* **SUPPLIED RECORDS**
◇ ◇ ◇ ◇ ◇ ◇ ◇
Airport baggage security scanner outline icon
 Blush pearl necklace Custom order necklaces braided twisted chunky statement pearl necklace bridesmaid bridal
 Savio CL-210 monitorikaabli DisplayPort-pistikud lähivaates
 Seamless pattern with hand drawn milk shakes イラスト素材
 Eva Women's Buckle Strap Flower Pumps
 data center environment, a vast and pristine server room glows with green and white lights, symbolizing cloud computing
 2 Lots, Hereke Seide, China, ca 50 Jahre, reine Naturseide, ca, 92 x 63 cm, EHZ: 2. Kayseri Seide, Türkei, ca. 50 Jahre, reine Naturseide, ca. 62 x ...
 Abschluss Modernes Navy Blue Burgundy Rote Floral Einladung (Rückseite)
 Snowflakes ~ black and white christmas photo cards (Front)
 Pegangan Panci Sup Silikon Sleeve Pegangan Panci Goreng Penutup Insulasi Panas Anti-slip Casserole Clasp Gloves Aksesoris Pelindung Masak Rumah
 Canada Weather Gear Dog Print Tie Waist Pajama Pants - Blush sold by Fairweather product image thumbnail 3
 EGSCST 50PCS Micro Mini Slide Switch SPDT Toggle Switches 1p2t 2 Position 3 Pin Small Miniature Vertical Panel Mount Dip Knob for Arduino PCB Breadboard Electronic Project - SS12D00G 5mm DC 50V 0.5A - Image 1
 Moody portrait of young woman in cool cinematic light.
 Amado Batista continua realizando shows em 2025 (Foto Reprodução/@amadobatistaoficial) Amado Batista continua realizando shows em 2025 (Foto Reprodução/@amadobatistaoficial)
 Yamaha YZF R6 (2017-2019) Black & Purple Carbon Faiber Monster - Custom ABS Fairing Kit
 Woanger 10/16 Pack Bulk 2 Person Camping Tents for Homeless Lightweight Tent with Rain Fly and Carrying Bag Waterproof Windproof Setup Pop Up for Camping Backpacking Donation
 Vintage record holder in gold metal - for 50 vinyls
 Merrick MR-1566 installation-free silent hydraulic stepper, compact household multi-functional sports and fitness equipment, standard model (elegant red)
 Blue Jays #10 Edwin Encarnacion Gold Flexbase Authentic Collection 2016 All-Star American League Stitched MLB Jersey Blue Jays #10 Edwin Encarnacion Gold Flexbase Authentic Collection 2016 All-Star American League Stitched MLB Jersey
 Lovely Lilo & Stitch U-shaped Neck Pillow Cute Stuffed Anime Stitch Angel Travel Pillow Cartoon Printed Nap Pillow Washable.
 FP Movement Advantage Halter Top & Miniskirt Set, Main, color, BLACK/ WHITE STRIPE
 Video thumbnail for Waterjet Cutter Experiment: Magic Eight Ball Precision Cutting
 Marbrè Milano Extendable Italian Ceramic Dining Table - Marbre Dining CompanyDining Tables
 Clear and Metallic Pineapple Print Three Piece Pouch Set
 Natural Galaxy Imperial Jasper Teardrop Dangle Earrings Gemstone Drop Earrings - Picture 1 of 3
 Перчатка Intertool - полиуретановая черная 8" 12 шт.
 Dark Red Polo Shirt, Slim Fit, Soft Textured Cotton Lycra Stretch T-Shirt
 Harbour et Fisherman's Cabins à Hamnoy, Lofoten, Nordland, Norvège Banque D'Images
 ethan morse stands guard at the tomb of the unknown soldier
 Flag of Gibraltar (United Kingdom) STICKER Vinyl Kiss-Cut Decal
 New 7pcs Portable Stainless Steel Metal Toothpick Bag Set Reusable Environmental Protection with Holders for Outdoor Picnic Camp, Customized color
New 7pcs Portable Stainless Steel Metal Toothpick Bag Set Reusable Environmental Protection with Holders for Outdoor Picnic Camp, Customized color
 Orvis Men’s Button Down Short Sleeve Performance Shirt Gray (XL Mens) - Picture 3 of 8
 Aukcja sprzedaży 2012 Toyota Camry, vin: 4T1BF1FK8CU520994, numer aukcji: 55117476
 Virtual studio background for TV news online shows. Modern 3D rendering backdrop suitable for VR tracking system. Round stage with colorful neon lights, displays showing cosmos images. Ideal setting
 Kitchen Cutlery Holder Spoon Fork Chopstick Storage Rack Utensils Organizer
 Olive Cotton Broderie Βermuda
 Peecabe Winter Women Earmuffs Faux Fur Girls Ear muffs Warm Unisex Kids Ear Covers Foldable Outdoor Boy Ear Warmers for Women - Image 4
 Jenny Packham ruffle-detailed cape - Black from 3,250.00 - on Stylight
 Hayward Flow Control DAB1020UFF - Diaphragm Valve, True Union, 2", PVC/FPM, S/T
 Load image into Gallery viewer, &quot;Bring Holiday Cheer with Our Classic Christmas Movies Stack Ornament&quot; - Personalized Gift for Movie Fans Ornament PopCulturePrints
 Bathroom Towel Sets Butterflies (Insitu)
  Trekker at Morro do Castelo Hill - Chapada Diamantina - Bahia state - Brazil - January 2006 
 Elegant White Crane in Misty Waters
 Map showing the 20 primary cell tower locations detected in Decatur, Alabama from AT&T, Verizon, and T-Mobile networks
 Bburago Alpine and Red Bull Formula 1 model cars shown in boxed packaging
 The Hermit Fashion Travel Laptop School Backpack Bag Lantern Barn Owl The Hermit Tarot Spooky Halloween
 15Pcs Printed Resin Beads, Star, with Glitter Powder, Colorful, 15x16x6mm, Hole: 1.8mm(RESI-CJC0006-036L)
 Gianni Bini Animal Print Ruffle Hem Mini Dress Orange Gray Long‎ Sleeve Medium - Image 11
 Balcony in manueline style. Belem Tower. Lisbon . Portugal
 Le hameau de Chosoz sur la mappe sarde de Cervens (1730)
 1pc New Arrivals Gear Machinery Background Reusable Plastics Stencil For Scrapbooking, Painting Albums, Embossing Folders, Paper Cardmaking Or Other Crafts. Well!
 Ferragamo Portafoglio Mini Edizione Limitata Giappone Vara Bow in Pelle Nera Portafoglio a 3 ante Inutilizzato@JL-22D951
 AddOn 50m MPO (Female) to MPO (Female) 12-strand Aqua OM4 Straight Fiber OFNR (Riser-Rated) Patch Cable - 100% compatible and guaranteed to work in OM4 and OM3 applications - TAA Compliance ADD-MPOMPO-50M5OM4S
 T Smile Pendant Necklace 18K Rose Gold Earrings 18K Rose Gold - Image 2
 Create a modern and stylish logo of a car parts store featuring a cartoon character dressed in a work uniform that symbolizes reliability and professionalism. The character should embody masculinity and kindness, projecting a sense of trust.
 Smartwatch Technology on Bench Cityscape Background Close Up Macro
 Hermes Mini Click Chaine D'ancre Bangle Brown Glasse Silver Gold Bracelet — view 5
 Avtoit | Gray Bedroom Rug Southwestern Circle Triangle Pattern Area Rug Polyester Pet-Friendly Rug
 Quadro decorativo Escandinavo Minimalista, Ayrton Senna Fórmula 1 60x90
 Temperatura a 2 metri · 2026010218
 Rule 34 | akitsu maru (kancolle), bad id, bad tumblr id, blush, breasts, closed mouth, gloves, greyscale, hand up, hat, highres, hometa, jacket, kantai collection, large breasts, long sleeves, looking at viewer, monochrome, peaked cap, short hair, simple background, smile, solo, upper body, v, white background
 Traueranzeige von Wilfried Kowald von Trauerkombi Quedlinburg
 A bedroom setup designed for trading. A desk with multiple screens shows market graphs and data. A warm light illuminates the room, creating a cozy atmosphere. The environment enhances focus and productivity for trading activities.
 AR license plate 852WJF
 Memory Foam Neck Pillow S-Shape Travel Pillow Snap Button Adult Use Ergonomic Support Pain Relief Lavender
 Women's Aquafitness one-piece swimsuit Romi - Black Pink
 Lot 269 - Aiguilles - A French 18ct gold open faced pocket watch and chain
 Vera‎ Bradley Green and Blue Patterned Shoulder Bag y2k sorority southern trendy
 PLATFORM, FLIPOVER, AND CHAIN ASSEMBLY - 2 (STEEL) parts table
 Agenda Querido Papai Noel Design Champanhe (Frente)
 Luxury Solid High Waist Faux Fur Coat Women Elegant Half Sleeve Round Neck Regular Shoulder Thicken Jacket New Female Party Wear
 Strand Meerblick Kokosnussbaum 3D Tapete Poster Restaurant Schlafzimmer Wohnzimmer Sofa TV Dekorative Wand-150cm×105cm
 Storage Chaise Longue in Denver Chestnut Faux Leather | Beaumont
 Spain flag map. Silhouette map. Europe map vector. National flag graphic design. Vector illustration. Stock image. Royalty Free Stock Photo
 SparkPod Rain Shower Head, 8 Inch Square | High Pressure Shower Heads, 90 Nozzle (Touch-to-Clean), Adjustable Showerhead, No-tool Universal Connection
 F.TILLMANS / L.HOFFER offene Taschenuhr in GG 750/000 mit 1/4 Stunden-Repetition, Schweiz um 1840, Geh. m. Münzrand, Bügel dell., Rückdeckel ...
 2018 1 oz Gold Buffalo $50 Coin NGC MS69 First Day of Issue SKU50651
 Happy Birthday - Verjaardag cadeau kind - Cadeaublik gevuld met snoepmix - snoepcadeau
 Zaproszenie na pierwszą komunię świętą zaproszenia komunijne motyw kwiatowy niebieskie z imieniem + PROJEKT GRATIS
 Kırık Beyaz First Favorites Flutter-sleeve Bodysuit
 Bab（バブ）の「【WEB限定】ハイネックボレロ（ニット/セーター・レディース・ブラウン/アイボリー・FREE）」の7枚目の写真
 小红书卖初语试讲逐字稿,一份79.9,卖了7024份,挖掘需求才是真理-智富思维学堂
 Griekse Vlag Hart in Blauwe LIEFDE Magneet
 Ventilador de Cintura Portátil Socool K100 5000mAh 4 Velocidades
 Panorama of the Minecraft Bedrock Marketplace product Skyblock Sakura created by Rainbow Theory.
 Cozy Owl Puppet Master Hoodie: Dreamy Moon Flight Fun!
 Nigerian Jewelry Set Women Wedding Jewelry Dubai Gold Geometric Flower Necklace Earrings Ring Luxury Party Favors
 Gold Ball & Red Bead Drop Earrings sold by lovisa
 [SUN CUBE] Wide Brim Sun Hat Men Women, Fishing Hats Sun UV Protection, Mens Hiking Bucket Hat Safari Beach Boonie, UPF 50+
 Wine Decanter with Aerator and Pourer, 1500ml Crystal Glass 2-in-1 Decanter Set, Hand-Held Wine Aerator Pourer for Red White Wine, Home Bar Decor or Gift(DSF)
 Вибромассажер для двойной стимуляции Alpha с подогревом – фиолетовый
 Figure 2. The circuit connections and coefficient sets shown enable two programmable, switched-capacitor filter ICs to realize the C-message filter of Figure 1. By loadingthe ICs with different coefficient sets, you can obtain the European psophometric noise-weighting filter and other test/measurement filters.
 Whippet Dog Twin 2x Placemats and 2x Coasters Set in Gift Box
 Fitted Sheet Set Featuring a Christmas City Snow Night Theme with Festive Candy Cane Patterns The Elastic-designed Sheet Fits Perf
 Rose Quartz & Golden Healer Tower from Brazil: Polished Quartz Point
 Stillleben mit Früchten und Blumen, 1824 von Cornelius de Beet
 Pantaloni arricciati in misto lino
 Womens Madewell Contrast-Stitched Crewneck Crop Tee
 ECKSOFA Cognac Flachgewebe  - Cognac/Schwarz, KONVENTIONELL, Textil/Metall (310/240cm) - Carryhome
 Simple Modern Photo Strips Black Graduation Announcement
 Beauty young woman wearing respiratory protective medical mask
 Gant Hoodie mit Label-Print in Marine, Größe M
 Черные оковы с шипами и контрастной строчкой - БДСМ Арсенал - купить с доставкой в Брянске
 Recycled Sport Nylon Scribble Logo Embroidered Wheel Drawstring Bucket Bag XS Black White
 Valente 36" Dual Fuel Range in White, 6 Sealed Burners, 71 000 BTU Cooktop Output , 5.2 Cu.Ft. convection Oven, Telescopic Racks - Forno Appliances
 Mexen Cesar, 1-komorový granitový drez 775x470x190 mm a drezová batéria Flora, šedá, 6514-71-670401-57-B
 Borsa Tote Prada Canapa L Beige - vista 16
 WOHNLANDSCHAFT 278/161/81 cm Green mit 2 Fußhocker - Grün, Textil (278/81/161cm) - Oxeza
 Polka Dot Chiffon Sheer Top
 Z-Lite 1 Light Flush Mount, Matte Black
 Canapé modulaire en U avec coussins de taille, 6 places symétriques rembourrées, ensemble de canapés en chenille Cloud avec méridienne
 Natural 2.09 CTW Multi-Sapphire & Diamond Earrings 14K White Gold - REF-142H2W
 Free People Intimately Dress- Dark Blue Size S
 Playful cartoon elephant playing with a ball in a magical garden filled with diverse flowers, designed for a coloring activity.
◇ ◇ ◇ ◇ ◇ ◇ ◇
* **YOUR TASK**
Reproduce, word for word, the lines of the data from the one that contains "Natural 2.09 CTW" to the end, both ends included.

* **RESULT OF THIS EXERCISE**
 Natural 2.09 CTW Multi-Sapphire & Diamond Earrings 14K White Gold - REF-142H2W
 Free People Intimately Dress- Dark Blue Size S
 Playful cartoon elephant playing with a ball in a magical garden filled with diverse flowers, designed for a coloring activity.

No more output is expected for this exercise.